===
API
===

``icu4py``
==========

.. currentmodule:: icu4py

.. data:: icu_version
  :type: str

  A string representing the ICU version, for example ``"78.2"``.

.. data:: icu_version_info
  :type: tuple[int, int, int, int]

  A tuple of four integers representing the ICU version in the format ``(major, minor, patch, build)``, for example, ``(78, 2, 0, 0)``.

``icu4py.breakers``
===================

This module wraps ICU's `boundary analysis`__ functionality, providing classes for finding text boundaries around characters, words, lines, and sentences.

__ https://unicode-org.github.io/icu/userguide/boundaryanalysis/

.. currentmodule:: icu4py.breakers

.. class:: BaseBreaker(text: str, locale: str | Locale)

  Base class for the following breaker subclasses, which cannot be instantiated directly.
  Wraps ICU’s |BreakIterator class|__.

  .. |BreakIterator class| replace:: ``BreakIterator`` class
  __ https://unicode-org.github.io/icu-docs/apidoc/released/icu4c/classicu_1_1BreakIterator.html#details

  :param text: The text to analyze for boundaries.
  :param locale: The locale to use, as either a string (an ICU style C locale) or a :class:`~icu4py.locale.Locale` object.

  .. attribute:: text

    The text being analyzed.

    :type: str

  .. attribute:: locale

    The locale being used for boundary analysis.

    :type: Locale

  .. method:: __iter__() -> Iterator[str]
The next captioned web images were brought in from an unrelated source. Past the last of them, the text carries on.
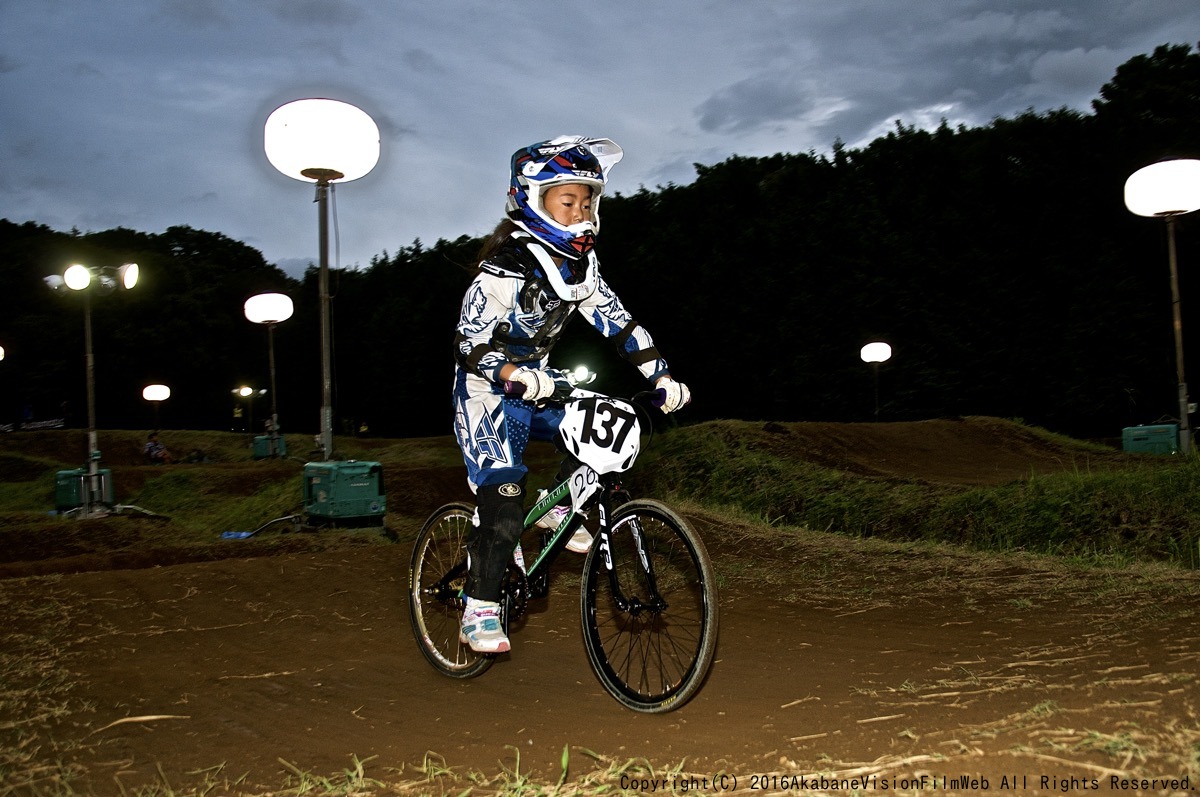 2016 JOSF JAPAN OPEN NIGHT RACE ：予選その2_b0065730_1374146.jpg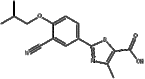 Febuxostat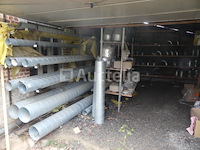 Stalen mondstukken en accessoires - afbeelding 21 van  23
    Iterate over text segments split by boundaries.

    :return: An iterator of strings, each representing a segment of text between boundaries.

    Example usage:

    .. doctest::

       >>> from icu4py.breakers import WordBreaker
       >>> breaker = WordBreaker("Hello World", "en_GB")
       >>> list(breaker)
       ['Hello', ' ', 'World']

  .. method:: segments() -> Iterator[tuple[int, int]]

    Iterate over boundary positions as ``(start, end)`` tuples.
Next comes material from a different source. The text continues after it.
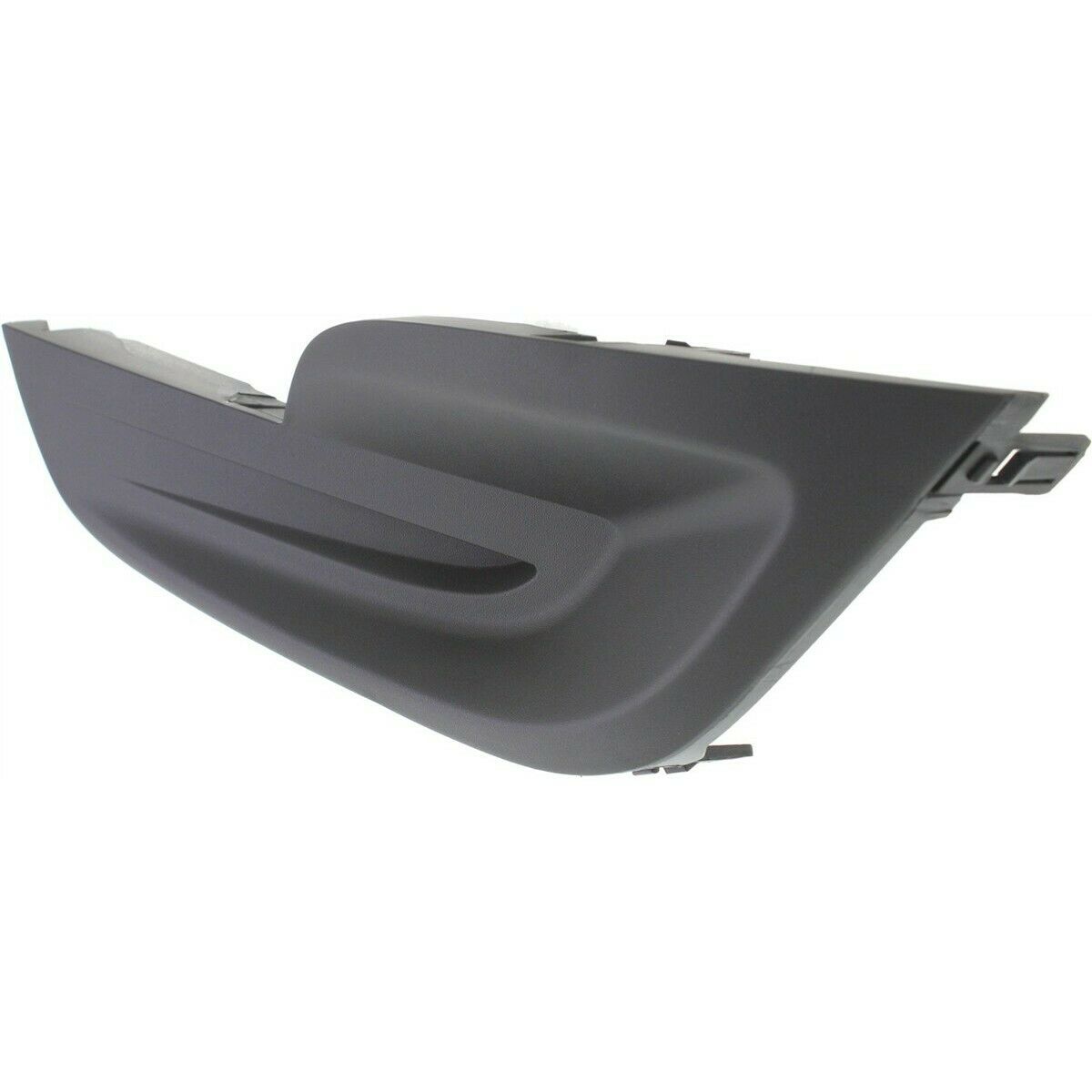 Fog Light Cover Front Driver Left Side LH Hand Sedan For 2013-2015 Nissan Altima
    :return: An iterator of ``(start, end)`` tuples representing boundary positions.

    Example usage:

    .. doctest::

       >>> from icu4py.breakers import WordBreaker
       >>> breaker = WordBreaker("Hello World", "en_GB")
       >>> list(breaker.segments())
       [(0, 5), (5, 6), (6, 11)]

.. class:: CharacterBreaker(text: str, locale: str | Locale)
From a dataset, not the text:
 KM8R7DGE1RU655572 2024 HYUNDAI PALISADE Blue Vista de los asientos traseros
  :class:`BaseBreaker` subclass for iterating over character (grapheme cluster) boundaries, handling combining characters and emoji sequences.
  Wraps ICU's `character-break iterator`__.

  __ https://unicode-org.github.io/icu-docs/apidoc/released/icu4c/classicu_1_1BreakIterator.html#afffc1125b180a61857f698e147b1a668

  Example usage:

  .. doctest::

     >>> from icu4py.breakers import CharacterBreaker
     >>> greeting = "👋🏽 hi"
     >>> list(greeting)  # splits by codepoints, emoji and skin tone are separate
     ['👋', '🏽', ' ', 'h', 'i']
     >>> breaker = CharacterBreaker(greeting, "en_GB")
     >>> list(breaker)  # splits by grapheme clusters, keeping emoji and skin tone together
     ['👋🏽', ' ', 'h', 'i']

.. class:: WordBreaker(text: str, locale: str | Locale)

  :class:`BaseBreaker` subclass for iterating over word boundaries, correctly handling punctuation, hyphenated words, and contractions.
  Wraps ICU's `word boundary iterator`__.

  __ https://unicode-org.github.io/icu-docs/apidoc/released/icu4c/classicu_1_1BreakIterator.html#a6aa1459cc086397bdb85ccd1bb3c5500

  Example usage:

  .. doctest::

     >>> from icu4py.breakers import WordBreaker
     >>> exclamation = "A self-made rabbit."
     >>> list(WordBreaker(exclamation, "en_GB"))
     ['A', ' ', 'self', '-', 'made', ' ', 'rabbit', '.']

.. class:: LineBreaker(text: str, locale: str | Locale)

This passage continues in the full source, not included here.